When designing a set of data transfer functions, this difference has to be borne in mind. Taking communications as an example, the most commonly supported generic set of operations on a communications channel are: Open, Close, Read and Write. Blocking I/O interfaces offer these facilities as simple functions. Asynchronous interfaces offer the four basic functions, and in addition, they will provide up to four notifications, whether they be by call back or by event. These notifications indicate either that a previous pending operation has completed, or that it is possible to repeat the operation, or a mixture of both. An example interface might be:

An Open function, and an associated OnOpen event, which indicates that the open has completed, and reports success or failure.
A Read function, and an associated CanRead (or OnRead) event. The event typically indicates that a call to Read will read some new data, and/or that more data has arrived since the previous Read.
A Write function, and an associated CanWrite (or OnWrite) event. The event typically indicates that a call to Write will write more data, and/or that some of the data in the previous Write has been sent, resulting in buffer space available for more Write operations. Depending on the semantics, this event might or might not be triggered after a successful call to Open.
A Close function, and an associated OnClose event. The event typically indicates that the communications channel has finally been closed, and that no more data can be sent or received. This event normally exists in situations where it is possible to read data from the far end of a communications channel after calling Close, and tends to work well with communication set up and tear down mechanisms that use a three way handshake (e.g. TCP).

Roadmap

Before proceeding further on this chapter, it seems appropriate to review the existing mechanism for data transfer between threads, and to outline methods by which this will be extended. If nothing else, it may persuade some readers to complete this chapter without giving up, despite that fact that there is a lot of code to be studied. The most important point to be made at this juncture is that many of the implementation details, whilst useful for those wishing to write a functional program embodying these techniques, are not of prime importance to those wishing to gain a fundamental understanding of the issues described. So far, the only data transfer mechanism we have seen is the bounded buffer, diagrammatically represented thus:

In this chapter various extensions to this buffer will be demonstrated. The first couple of modifications will be fairly simple: to place two buffers back to back, and add a non-blocking peek operation on both sides of the resultant bi-directional buffer.

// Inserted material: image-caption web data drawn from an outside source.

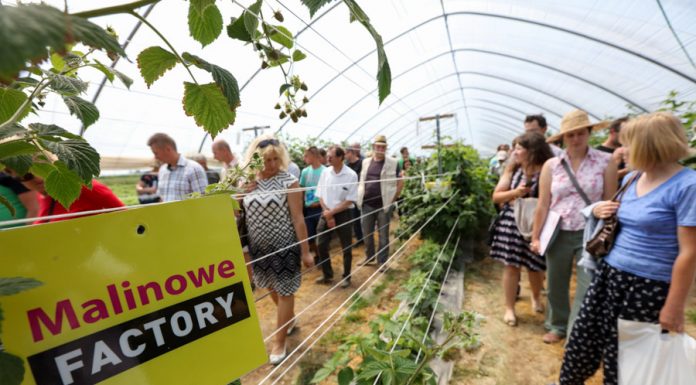 Finał Malinowego Factory 2017 – przyłącz się do nas i zarejestruj swój udział!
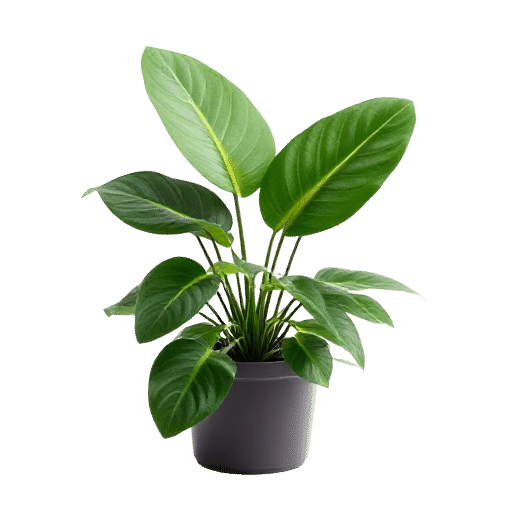Lettuce Leaf Philodendron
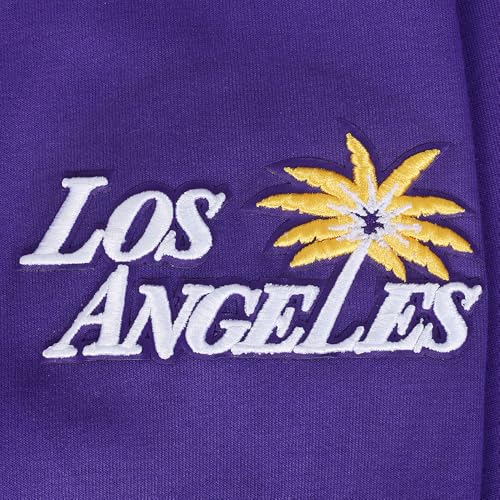 Image of Pro Standard Mens WNBA Classic Chenille Pull Over Hoodie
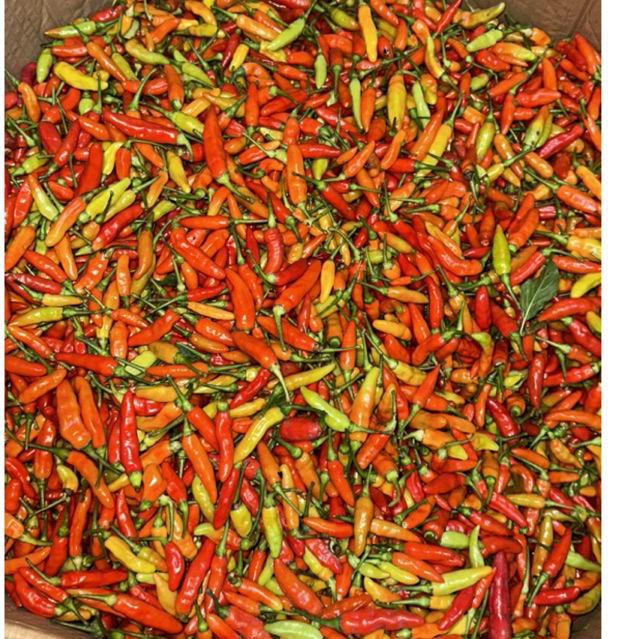 Sayuran segar Warung Sayur Padang Cabe Setan/Rawit Merah 250gr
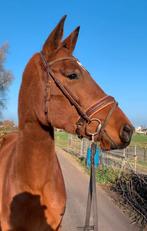 Super lieve en brave jonge merrie!!, Dieren en Toebehoren, Paarden, Merrie, 3 tot 6 jaar, Gechipt, 160 tot 165 cm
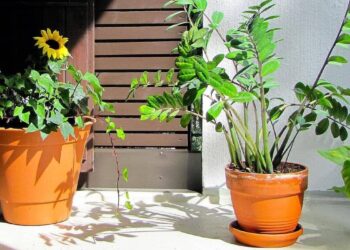Motivos para Você Ter uma Planta da Fortuna em Casa
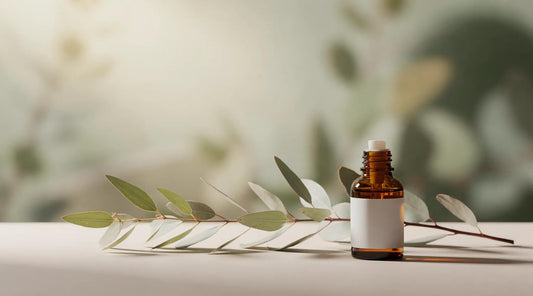 Eucalyptus Staigeriana — A Native Australian Essential Oil Profile
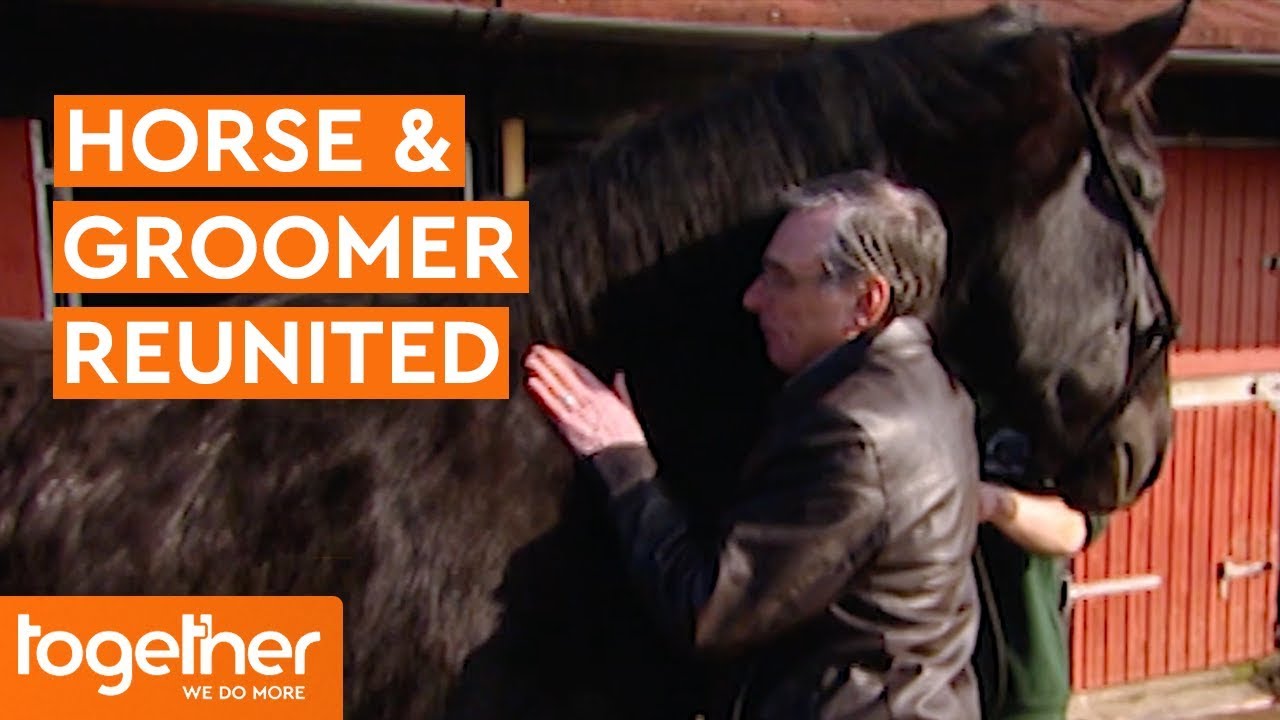 Retired Police Horse Reunited with Groomer | Mounted Branch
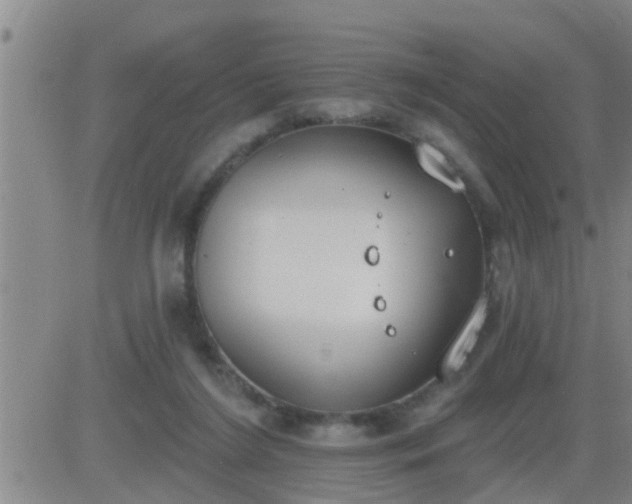 X0000083530212200702161920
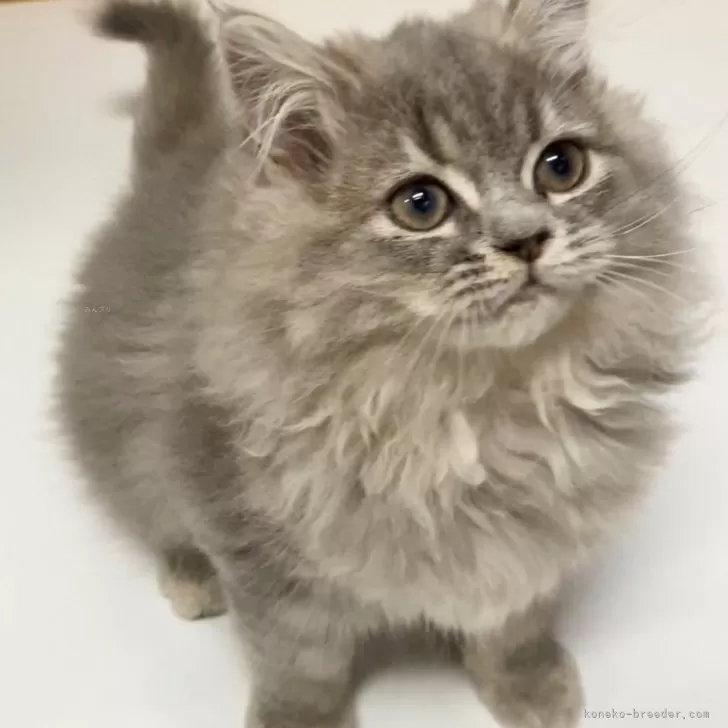 ID：2312-02349の子猫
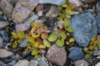 dsc07386_small.jpg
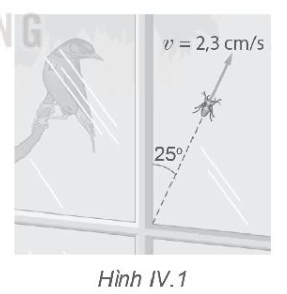 Một con nhện có khối lượng 0,42 g bò trên bề mặt kính cửa sổ một ngôi nhà với tốc độ không đổi 2,3 cm/s theo hướng hợp với phương thẳng đứng một góc như Hình IV.1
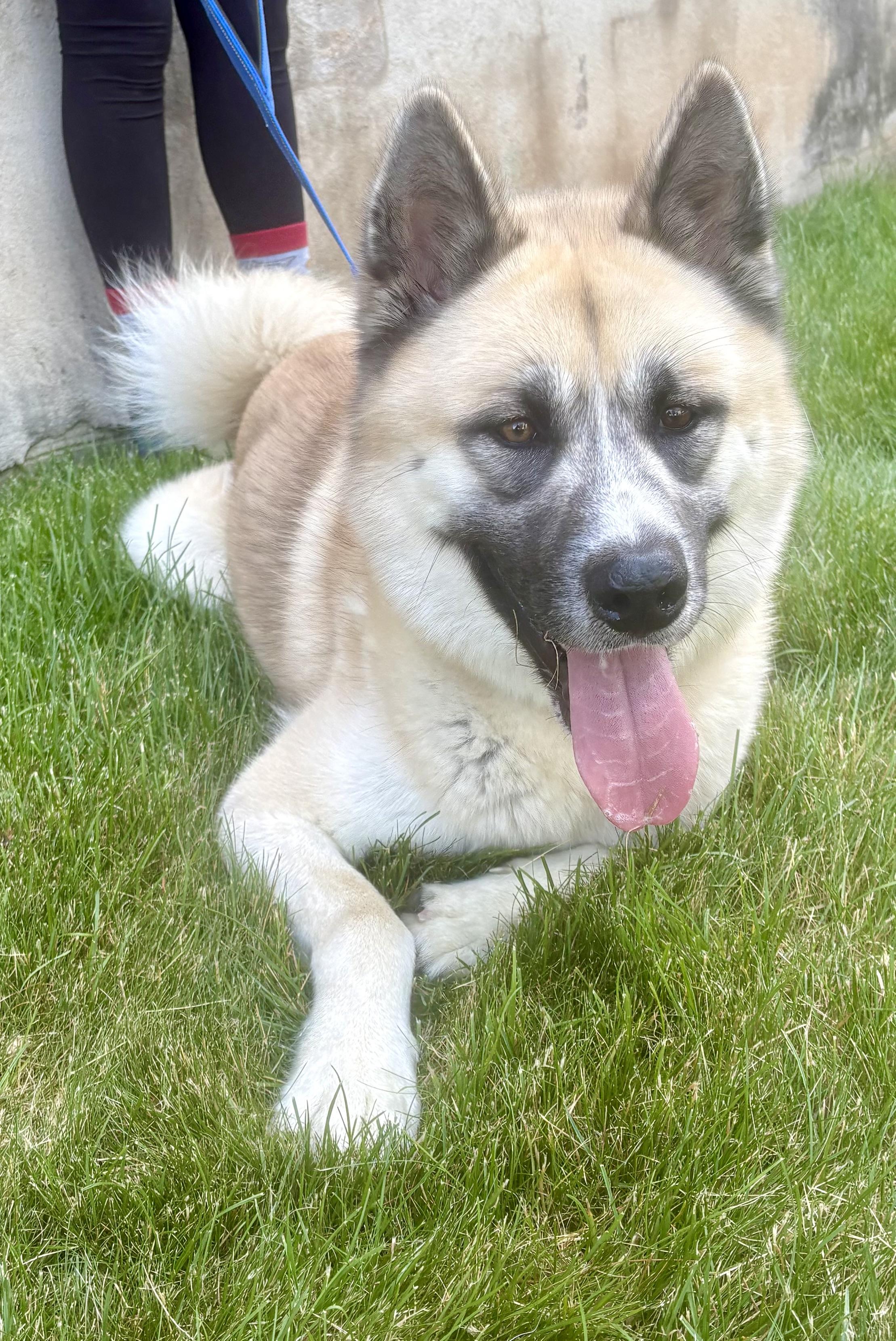 Onyx, ADOPTABLE, Adult Male Akita.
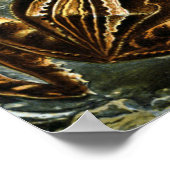 Ernst Haeckel-Sorte exotischer Frösche:Batrachia Poster (Ecke)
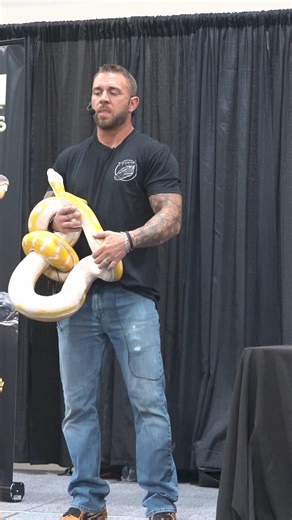 The next time you hear someone say they have or know an aggressive snake… | Wildfire Retics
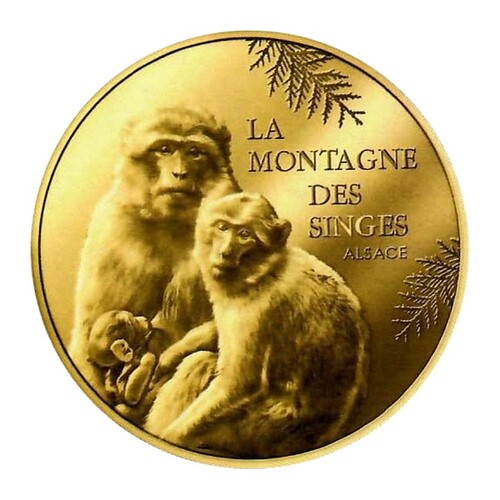 La Montagne des Singes - Alsace - Duo et Bébé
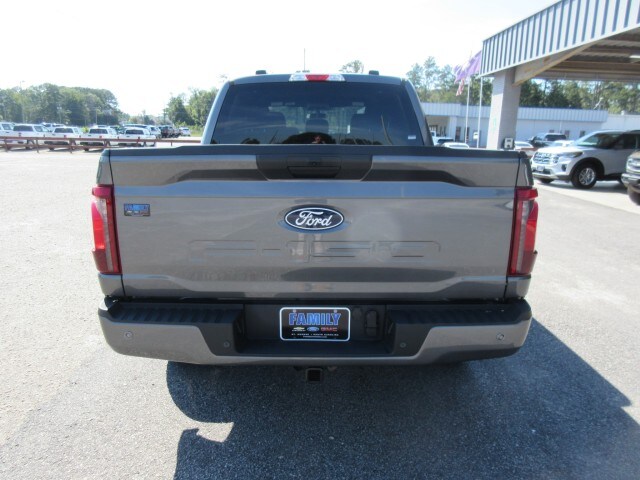 2025 Ford F-150 STX photo 3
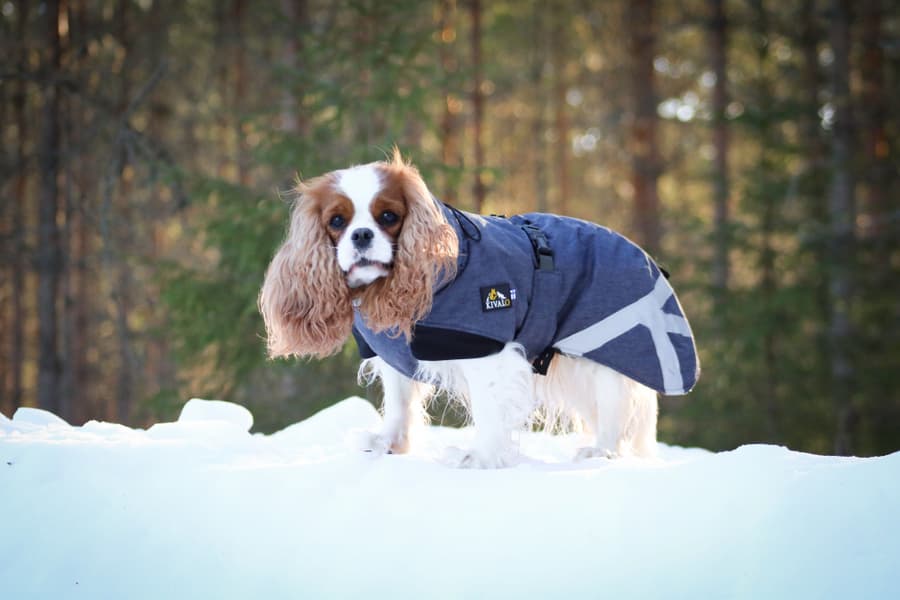 Luosto Dog Winter Jacket 55 cm Coil, view: 6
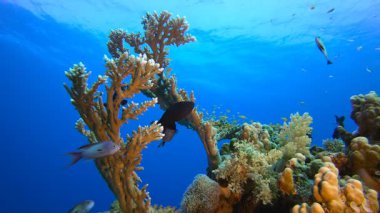 Sualtı Tropikal Deniz Burnu. Su altı deniz balığı. Tropik balık resifi denizcisi. Renkli sualtı deniz manzarası. Resif mercan sahnesi. Mercan bahçesi deniz manzarası. Renkli tropikal mercan resifleri.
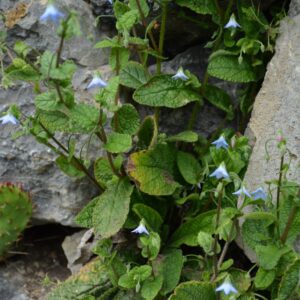 Borago pygmaea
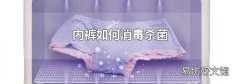 内裤如何消毒杀菌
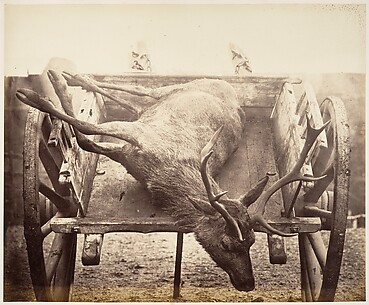 [Stag in Cart]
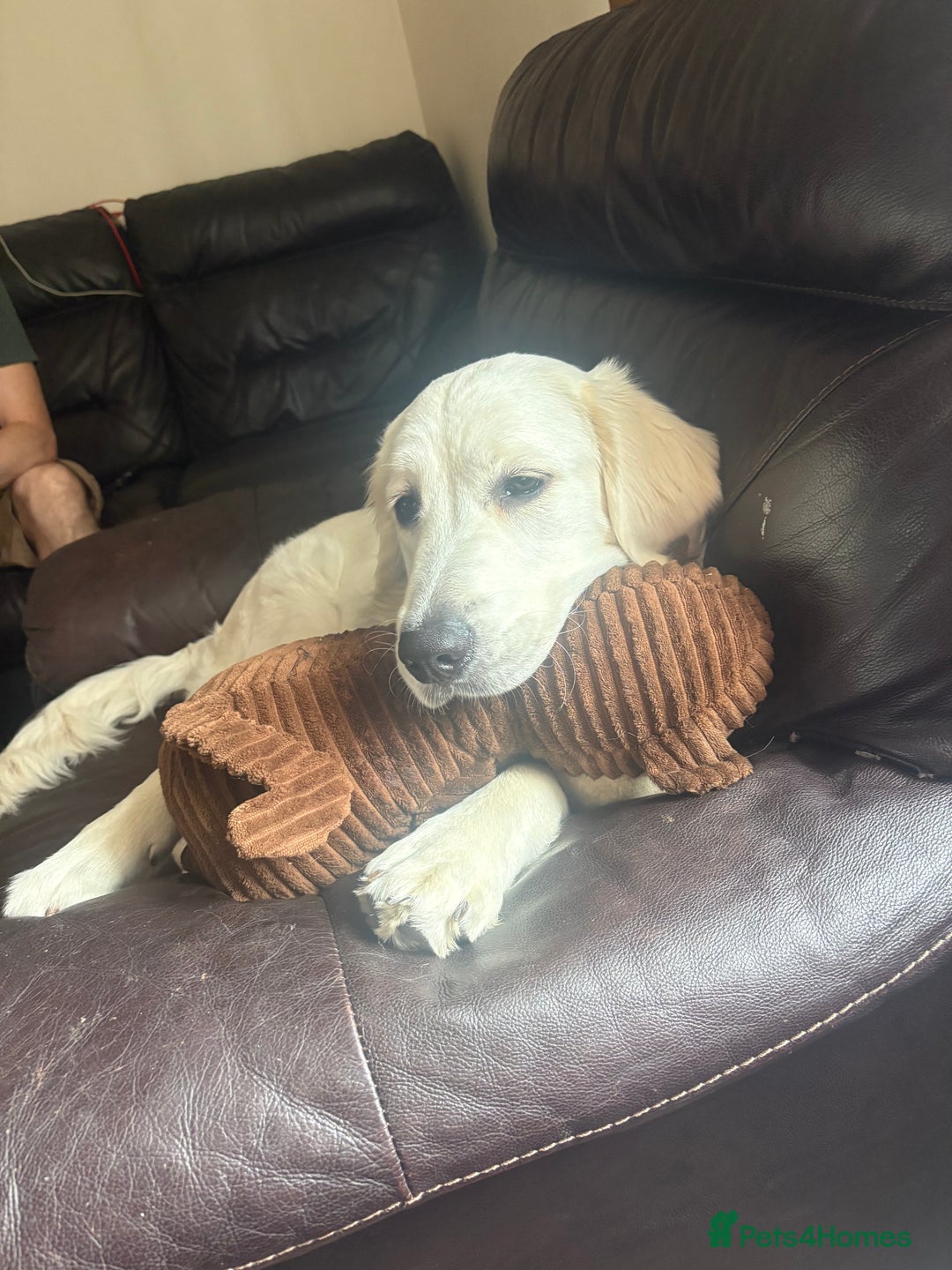 Golden Retriever dogs for sale: Golden retriever Stanley 14 months old - Advert 6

So far, so good. There should be no real surprises for any readers at this point, and all those who have managed to follow up to this point should have no real trouble implementing such a construction. The next modification is far more ambitious: instead of making all read and write operations on the buffer blocking, we will make one set of operations asynchronous.

Specifically, we will create a component which converts blocking operations into asynchronous ones, and vice versa. In its default incarnation, it will simply encapsulate read and write operations on the bi-directional buffer, but future implementors might like to override this functionality to convert different I/O operations between blocking and asynchronous semantics.

The question here is: Why? The answers should be obvious: If we can make a buffer that provides bi-directional communication between two threads, where one thread uses blocking operations, and the other thread uses asynchronous operations, then:

We can use it to communicate between the VCL thread and the worker threads in our application without blocking the VCL thread.
All the complexity will be hidden inside the buffer code: no magic message numbers, no use of synchronize, no publicly visible critical sections.
It will perform flow control between the VCL thread and worker threads; a task not yet possible.
It can be used as an "off the shelf" solution for communication between the VCL thread and other threads by any old idiot who has no idea about synchronization problems.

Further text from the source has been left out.